DATASET RECORDS:
= = = = =

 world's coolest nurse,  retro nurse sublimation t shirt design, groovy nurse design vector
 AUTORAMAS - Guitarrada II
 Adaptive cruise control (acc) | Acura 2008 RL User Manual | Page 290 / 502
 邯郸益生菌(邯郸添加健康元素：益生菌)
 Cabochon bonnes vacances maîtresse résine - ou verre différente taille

= = = = =

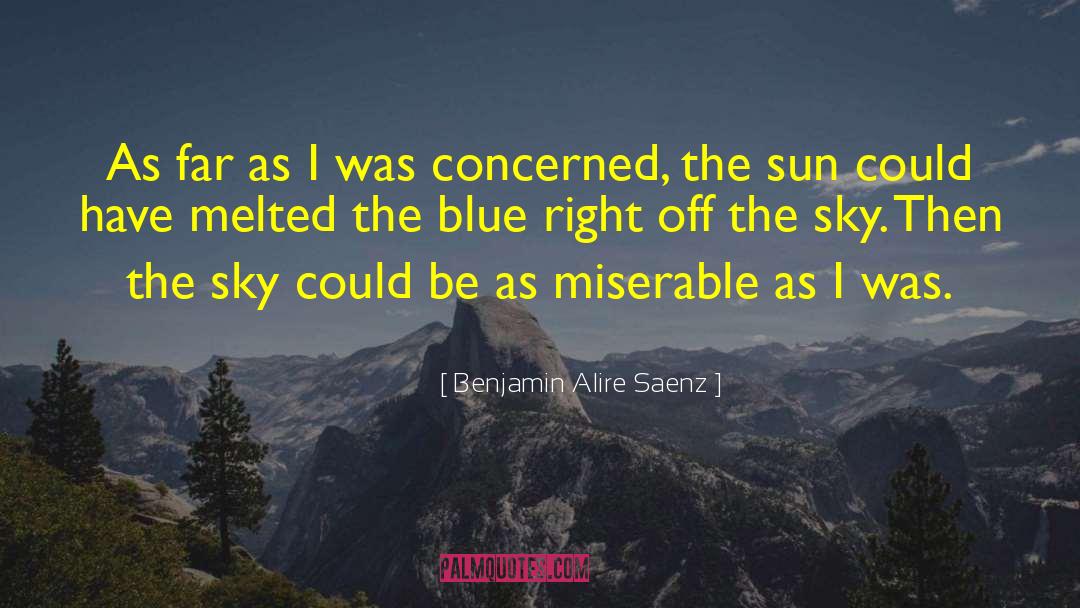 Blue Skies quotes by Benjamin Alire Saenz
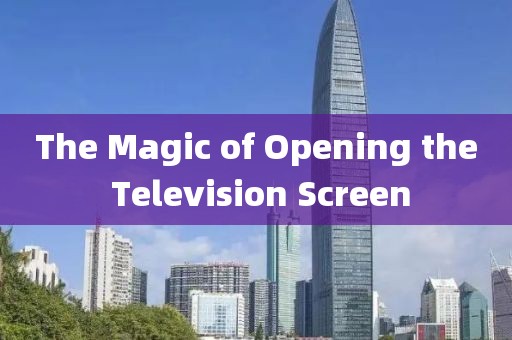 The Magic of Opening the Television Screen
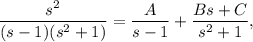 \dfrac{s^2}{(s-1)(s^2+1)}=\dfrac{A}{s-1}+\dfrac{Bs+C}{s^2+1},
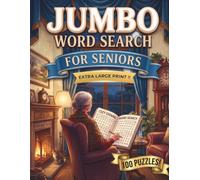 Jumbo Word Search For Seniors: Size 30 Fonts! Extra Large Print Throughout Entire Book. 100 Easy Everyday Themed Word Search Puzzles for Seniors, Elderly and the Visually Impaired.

= = = = =

TASK DIRECTIONS: Look above for the line containing "Adaptive cruise control" and the line containing "Cabochon bonnes vacances". Transcribe both, with the lines between them, exactly.

SOLUTION:
 Adaptive cruise control (acc) | Acura 2008 RL User Manual | Page 290 / 502
 邯郸益生菌(邯郸添加健康元素：益生菌)
 Cabochon bonnes vacances maîtresse résine - ou verre différente taille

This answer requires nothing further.